Ad Net Zero exists because A- we have to do our part as an industry to get our own house in order and begin to measure and track and lower our own carbon emissions in the advertising industry.
But we’re also doing it in service – going back to that word of service again – in service of advertisers, the big advertisers out there in the world today. They work with a myriad, a large number of different types of agencies and when it comes to tracking carbon emissions, the problem is, is that those few companies that are measuring today, they’re doing it a little bit differently from one another, so essentially it’s the Wild West. We need to create more of a consistent standard, more of a consistent measurement framework. So it’s more apples to apples to apples versus Lions, tigers, pears, grape. You know it’s very, very complex and it’s very confusing out there today. Ad Net Zero exists for one reason to basically provide clarity and consistency, to provide one common measurement framework for the good of the industry, but really for the good of the advertisers who, more and more, are going to have to track their carbon emissions across all of their scope 3 projects and work that they do and it’s going to be just paramount that that advertising also delivers the right measurement in the right way.
Pat Murphy
I was reading in an article that you did a bit earlier on the published earlier today, the importance of reporting. But – good or bad! So you don’t want to kind of sweep it under the carpet. It’s important that you nut just measure but report the good results and the bad results.
John Osborn
Absolutely, because we’re on our own journey here and not everything is going to be perfect. We’ve got to be comfortable being more roughly right than precisely wrong. But the fact of the matter is – and this is not rocket science – we need to get rid of the stuff immediately that’s not working and replace it and try new things, and we need to double down and triple down on those things that are working and are working well, and by working I mean the tool or the calculation platforms need to work, literally work accurately, but they also need to be workable. If we’ve got such a complex piece of machinery or such a complex platform that no one really knows how to use, or if it’s going to take, you know, six months to go through training to be able to fly this incredibly intricate helicopter, so to speak, well then that’s no good either!
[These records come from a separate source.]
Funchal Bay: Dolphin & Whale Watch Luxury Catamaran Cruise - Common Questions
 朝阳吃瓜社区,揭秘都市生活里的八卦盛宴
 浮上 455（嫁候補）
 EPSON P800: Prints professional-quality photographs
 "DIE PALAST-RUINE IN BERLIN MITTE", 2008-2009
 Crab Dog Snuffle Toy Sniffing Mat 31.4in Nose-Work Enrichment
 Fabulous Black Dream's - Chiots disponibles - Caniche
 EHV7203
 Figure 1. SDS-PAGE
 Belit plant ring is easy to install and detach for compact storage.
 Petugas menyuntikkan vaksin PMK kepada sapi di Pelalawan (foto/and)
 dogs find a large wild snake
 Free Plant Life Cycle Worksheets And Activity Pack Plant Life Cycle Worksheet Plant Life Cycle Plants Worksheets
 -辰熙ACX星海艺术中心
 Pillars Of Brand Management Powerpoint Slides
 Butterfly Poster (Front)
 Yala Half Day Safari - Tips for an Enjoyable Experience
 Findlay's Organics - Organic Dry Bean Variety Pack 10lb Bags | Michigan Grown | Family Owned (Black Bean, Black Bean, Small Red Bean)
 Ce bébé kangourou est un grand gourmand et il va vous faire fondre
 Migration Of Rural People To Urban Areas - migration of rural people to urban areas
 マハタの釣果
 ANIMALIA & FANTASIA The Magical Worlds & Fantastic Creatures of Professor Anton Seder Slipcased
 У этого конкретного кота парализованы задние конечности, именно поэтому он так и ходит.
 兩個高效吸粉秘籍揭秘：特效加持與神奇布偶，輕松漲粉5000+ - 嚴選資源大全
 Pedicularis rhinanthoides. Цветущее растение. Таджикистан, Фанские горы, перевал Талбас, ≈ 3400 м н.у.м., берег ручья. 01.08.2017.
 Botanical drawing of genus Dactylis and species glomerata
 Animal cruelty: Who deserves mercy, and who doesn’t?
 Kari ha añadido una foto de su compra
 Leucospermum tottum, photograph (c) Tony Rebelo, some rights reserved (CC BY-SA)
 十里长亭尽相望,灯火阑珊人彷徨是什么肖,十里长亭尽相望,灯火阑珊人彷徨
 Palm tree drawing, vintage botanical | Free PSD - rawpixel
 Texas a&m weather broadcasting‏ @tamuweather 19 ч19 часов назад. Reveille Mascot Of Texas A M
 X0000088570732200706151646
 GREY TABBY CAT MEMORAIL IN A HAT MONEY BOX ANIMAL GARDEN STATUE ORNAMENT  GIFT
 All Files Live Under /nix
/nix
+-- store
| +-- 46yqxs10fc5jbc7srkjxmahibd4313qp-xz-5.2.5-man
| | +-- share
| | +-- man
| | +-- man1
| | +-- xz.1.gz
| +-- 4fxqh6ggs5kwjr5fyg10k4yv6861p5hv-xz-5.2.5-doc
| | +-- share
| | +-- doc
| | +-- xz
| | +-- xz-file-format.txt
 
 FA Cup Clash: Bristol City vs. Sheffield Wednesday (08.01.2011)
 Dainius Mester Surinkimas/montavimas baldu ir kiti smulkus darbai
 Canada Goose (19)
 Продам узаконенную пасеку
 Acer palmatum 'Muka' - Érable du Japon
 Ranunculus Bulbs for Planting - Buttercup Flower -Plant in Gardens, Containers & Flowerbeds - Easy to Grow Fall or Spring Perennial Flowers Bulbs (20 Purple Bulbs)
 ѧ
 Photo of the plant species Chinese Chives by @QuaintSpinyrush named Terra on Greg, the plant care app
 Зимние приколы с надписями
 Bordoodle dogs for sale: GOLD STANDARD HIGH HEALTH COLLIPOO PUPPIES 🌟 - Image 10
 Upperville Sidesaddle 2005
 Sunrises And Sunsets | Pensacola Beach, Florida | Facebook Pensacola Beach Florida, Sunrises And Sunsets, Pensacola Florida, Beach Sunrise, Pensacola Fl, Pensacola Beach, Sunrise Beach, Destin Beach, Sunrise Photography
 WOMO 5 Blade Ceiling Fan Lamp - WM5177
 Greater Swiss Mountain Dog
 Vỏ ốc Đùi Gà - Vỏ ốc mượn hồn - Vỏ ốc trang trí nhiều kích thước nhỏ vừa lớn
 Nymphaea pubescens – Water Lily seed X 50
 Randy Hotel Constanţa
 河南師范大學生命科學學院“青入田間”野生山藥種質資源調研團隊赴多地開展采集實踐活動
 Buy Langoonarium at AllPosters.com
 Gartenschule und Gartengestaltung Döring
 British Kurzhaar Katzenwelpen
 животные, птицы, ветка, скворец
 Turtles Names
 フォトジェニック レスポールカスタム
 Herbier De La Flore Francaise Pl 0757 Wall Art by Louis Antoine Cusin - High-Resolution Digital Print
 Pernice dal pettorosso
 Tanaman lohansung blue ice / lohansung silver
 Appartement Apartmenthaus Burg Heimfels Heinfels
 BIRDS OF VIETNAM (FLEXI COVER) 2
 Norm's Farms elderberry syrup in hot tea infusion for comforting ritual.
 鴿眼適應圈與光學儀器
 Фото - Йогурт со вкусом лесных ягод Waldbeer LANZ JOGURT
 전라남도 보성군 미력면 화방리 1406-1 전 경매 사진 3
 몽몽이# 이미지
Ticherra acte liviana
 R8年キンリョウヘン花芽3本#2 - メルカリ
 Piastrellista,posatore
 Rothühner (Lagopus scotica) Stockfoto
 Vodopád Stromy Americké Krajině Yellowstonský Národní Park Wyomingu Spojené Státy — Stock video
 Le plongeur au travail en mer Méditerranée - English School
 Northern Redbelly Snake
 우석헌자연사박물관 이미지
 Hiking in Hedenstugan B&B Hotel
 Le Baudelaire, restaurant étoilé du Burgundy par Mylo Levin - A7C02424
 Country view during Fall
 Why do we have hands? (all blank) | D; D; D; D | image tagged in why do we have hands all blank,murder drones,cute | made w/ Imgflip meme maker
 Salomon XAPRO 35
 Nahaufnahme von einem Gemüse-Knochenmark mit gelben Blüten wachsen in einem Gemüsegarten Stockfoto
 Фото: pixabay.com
So we need stuff that works and stuff that’s workable.
Pat Murphy
At Ad Net Zero you focus on promoting a more sustainable world through education, measurement and action related to ad operations. How do you see the advertising industry contributing to a more sustainable future and what kind of initiatives you’ve been working and what kind of stuff you’ve been doing recently?
John Osborn
That’s a great question because of the common starting point I often get is ‘oh, come on, like, let’s face it compared to other, you know, fossil fuel industries or other heavy, heavy, heavy manufacturers that use an awful lot of carbon in their various supply chains, I mean, how much really can advertising be contributing to this problem’?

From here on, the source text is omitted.